A meeting of VW’s supervisory board and its executive committee late on Wednesday (Sep 28) approved the final list price, which sits at the upper limit of the 76.50-82.50-euro range first offered to investors. Porsche will mark its first day of trading when markets open on Thursday in Frankfurt.
The listing of the 911 maker is a bold move into public markets, which have been largely shut to IPOs for most of the year, with companies shying away from seeking new listings because of the European energy crisis, rising interest rates and record inflation.
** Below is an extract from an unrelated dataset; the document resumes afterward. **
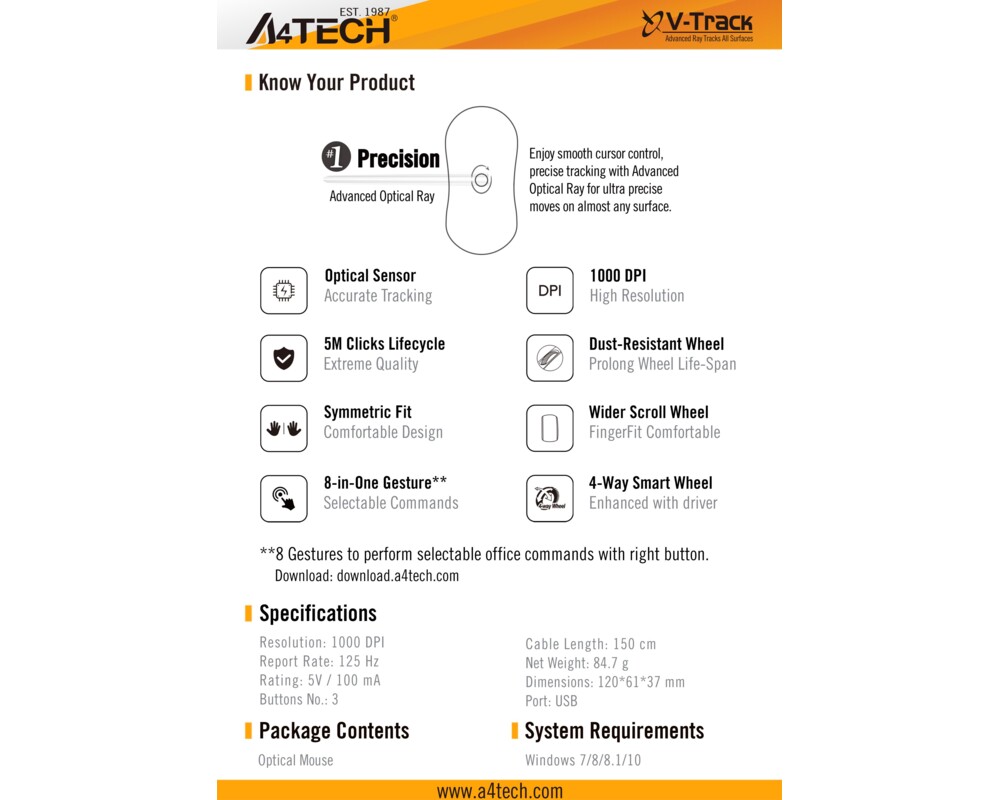 Мишка A4 OP-330S USB BLACK 5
The sale will help Volkswagen raise funds to plough into its electrification push, while investors get a slice of an emotional brand akin to Ferrari, which also managed a successful separation from parent Fiat in 2015.
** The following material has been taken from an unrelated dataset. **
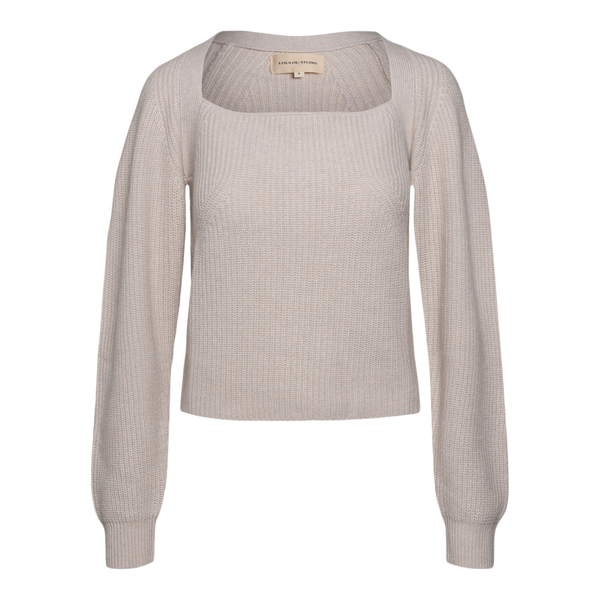 Beige sweater with square neckline                                                                                                                    Loulou Studio COMINO back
“If you can pull of an IPO in such a difficult market, it shows the attractiveness of the business,” Jefferies analyst Philippe Houchois said. “Porsche is a mature, well-known business that doesn’t need to raise capital. Putting it on the market as a fully formed business - being able to pull that off is quite impressive.”
Companies raised less than US$10 billion in IPOs this year through August, an 83 per cent drop in proceeds from the same time last year, according to data compiled by Bloomberg. Porsche’s listing is set to be the largest in Europe since miner Glencore raised almost US$10 billion in a London IPO in 2011, the data showed.
The share price puts Porsche at a valuation that’s not far from VW’s total market capitalisation - a business that comprises Audi, Skoda, Seat, and the VW brand, among others. Yet for all its aggressive marketing, the listing has also garnered negative attention for its complex structure.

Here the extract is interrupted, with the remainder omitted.